_SUPPLIED INFORMATION_
►

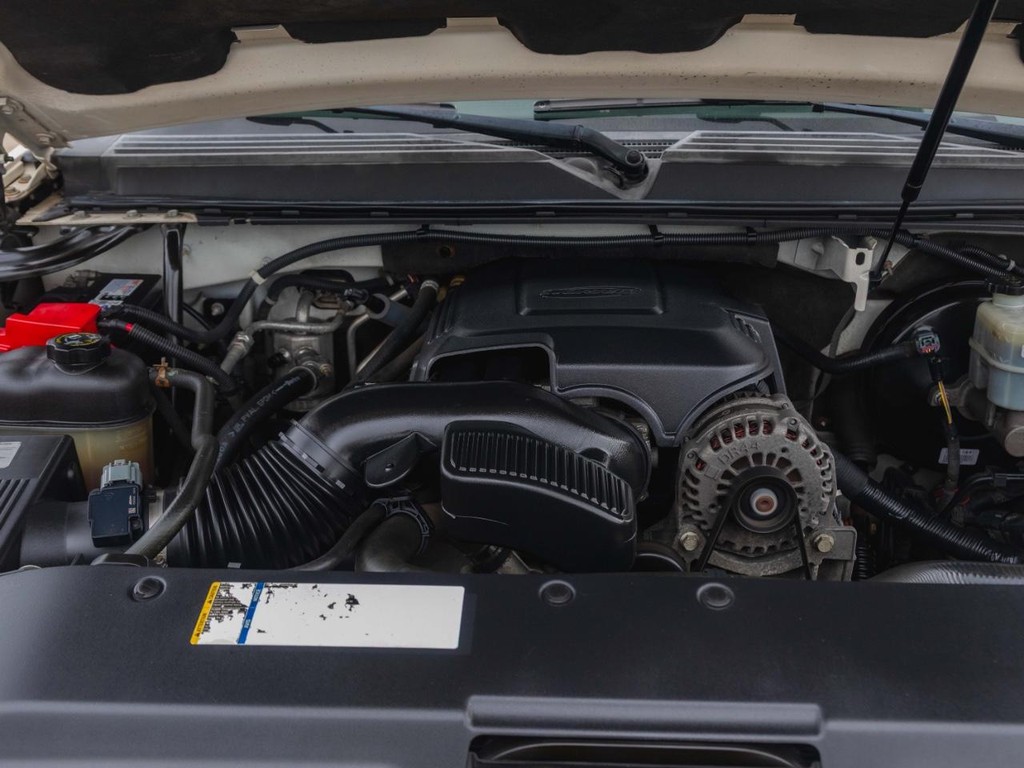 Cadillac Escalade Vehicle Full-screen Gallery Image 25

◄
►

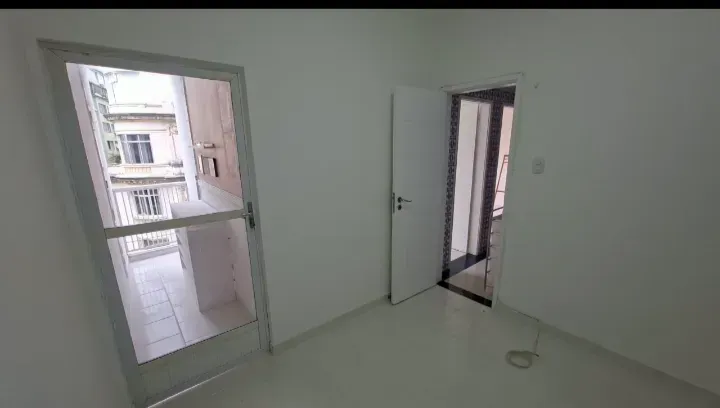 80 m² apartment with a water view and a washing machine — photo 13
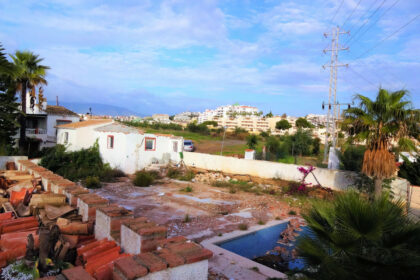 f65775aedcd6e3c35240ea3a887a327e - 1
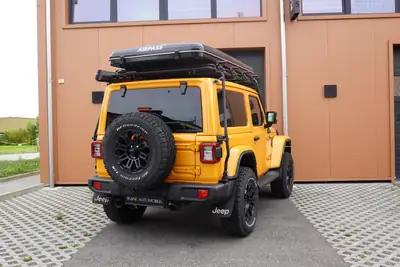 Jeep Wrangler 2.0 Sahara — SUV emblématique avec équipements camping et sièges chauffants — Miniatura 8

◄

_TASK BRIEF_
Print exactly the lines above that run from the one with "f65775aedcd6e3c35240ea3a887a327e - 1" to the one with "Jeep Wrangler 2.0", both included. No pictures.

_ANSWER BOX_
 f65775aedcd6e3c35240ea3a887a327e - 1
 Jeep Wrangler 2.0 Sahara — SUV emblématique avec équipements camping et sièges chauffants — Miniatura 8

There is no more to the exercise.